_What to do_: Apart from the images, repeat the data below exactly as written.

[Items from a dataset]
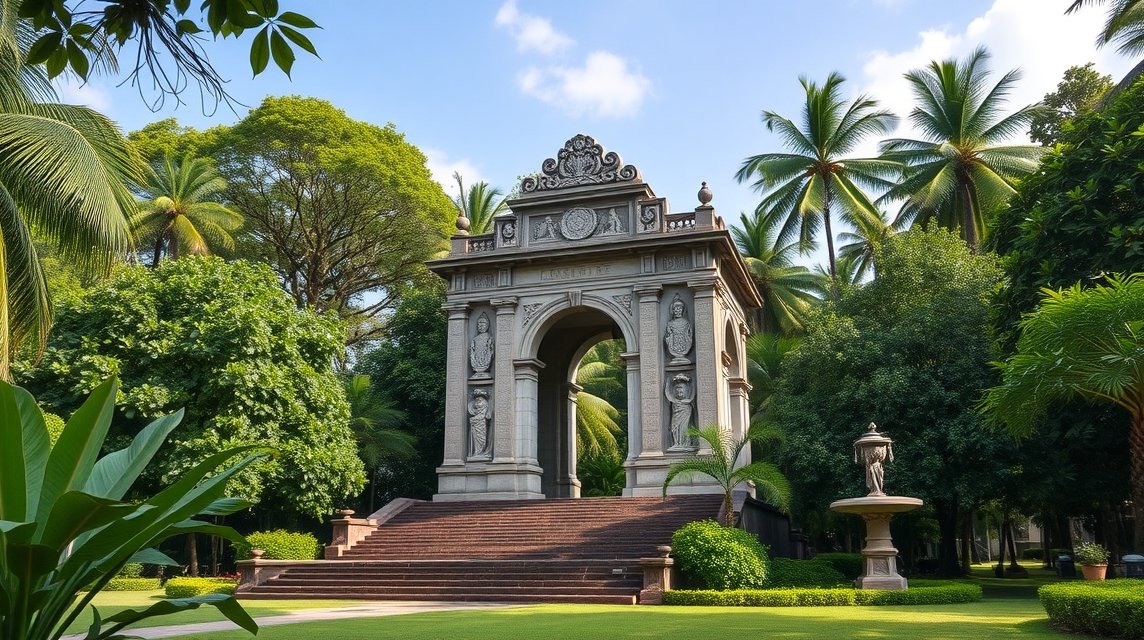 Az Alfred Saker emlékmű Limbében, zöld környezetben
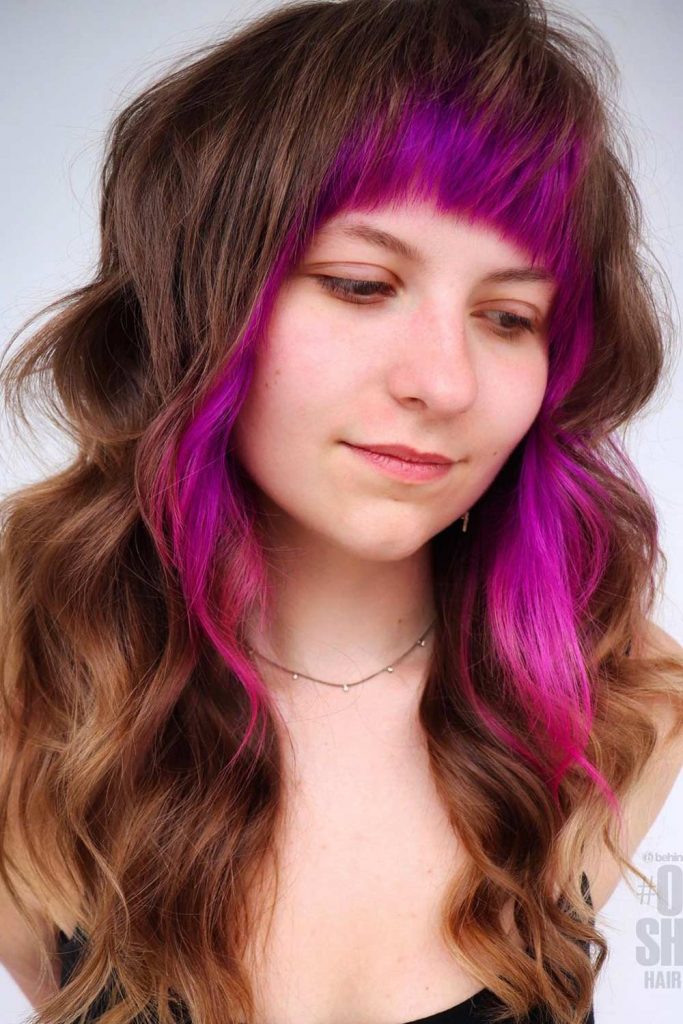 Purple Face-Framing Hair with Shag Cut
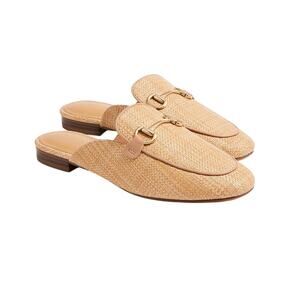 J. Crew Tan Woven Slip-On Mules Gold Bit Size 7.5 spring summer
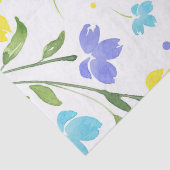 Aqua Periwinkle Yellow Waterverf Floral Stems Tissuepapier (Detail)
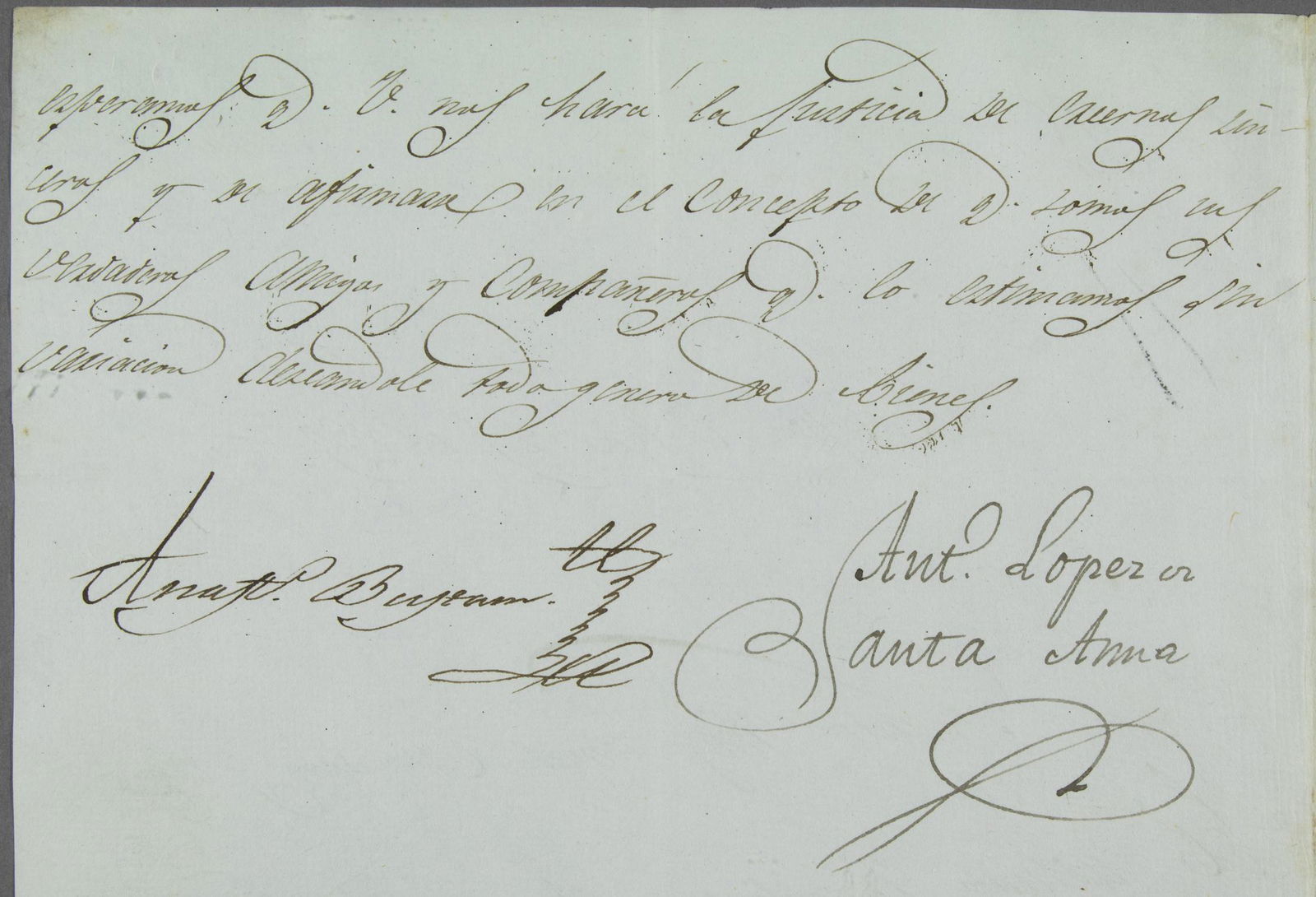 ANTONIO LOPEZ DE SANTA ANNA: (1794 - 1876) Mexican general and politician, a President of Mexico who sought to crush the Texas Revolution, seizing the Alamo only to be defeated by Sam Houston at San Jacinto. Fine association manu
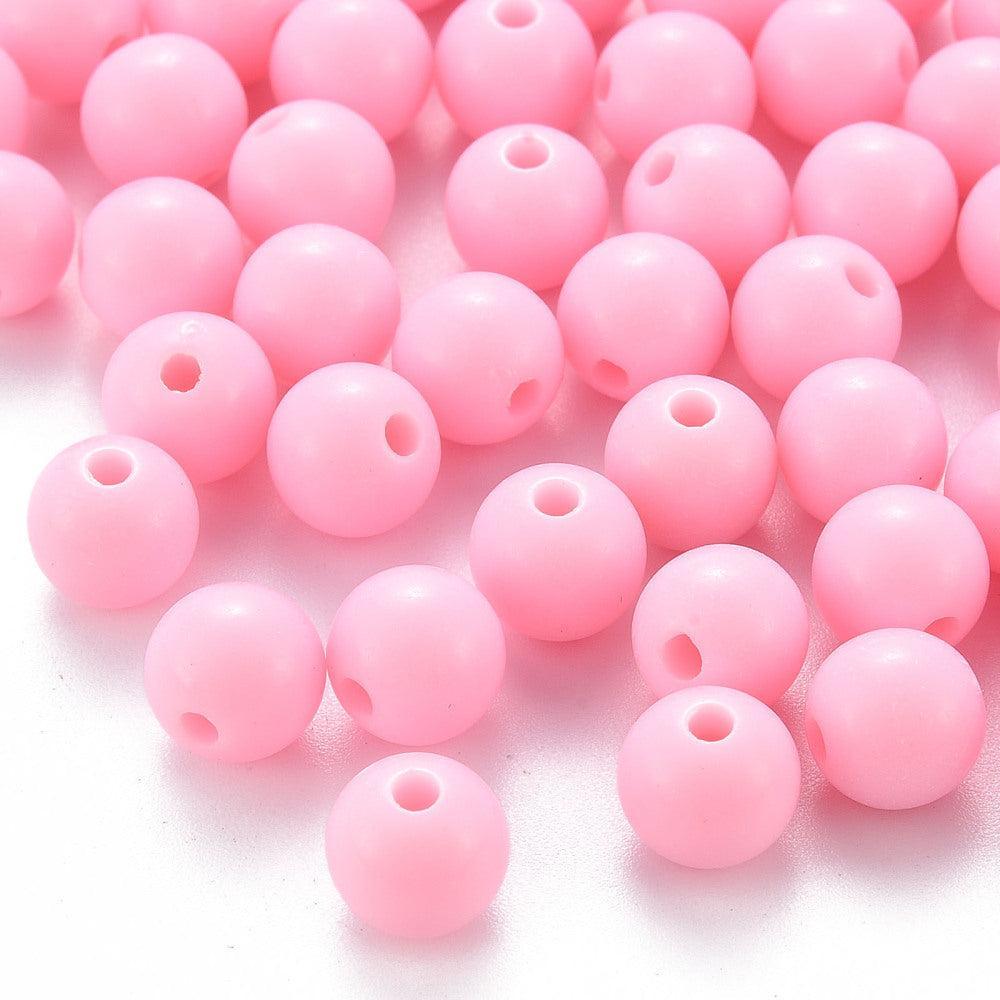 Acryl kraal rond Pearl Pink 8mm - 25 stuks-Kralen-Kraaltjes van Renate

_Exercise result_:
 Az Alfred Saker emlékmű Limbében, zöld környezetben
 Purple Face-Framing Hair with Shag Cut
 J. Crew Tan Woven Slip-On Mules Gold Bit Size 7.5 spring summer
 Aqua Periwinkle Yellow Waterverf Floral Stems Tissuepapier (Detail)
 ANTONIO LOPEZ DE SANTA ANNA: (1794 - 1876) Mexican general and politician, a President of Mexico who sought to crush the Texas Revolution, seizing the Alamo only to be defeated by Sam Houston at San Jacinto. Fine association manu
 Acryl kraal rond Pearl Pink 8mm - 25 stuks-Kralen-Kraaltjes van Renate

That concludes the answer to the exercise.